Description of the task:
If a line below contains "Used", count it; then state how many such lines there are, and nothing else.

*** Data shown Section Begins ***

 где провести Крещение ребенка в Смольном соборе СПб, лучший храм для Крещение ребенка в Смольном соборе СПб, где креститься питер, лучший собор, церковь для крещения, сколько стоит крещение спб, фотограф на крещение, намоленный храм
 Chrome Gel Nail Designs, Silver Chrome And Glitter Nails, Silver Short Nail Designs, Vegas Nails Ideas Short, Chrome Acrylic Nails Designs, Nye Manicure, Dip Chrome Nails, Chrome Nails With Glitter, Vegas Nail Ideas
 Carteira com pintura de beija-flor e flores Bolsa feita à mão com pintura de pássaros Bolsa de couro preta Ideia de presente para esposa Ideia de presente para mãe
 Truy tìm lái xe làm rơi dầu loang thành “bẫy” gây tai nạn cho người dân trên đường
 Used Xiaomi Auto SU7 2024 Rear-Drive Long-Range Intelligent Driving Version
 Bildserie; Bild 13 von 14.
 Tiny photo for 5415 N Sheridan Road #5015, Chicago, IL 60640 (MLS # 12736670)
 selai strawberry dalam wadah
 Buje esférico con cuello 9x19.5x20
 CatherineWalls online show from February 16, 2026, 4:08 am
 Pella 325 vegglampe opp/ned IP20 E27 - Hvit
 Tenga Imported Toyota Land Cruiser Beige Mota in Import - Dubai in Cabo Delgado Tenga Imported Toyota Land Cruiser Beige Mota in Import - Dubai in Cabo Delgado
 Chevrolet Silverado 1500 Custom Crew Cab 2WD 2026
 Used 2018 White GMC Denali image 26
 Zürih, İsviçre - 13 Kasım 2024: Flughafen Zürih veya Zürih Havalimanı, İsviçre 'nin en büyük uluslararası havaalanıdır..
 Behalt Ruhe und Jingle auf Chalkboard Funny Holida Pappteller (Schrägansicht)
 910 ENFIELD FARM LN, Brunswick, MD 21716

*** Data shown Section Ends ***

Result:
2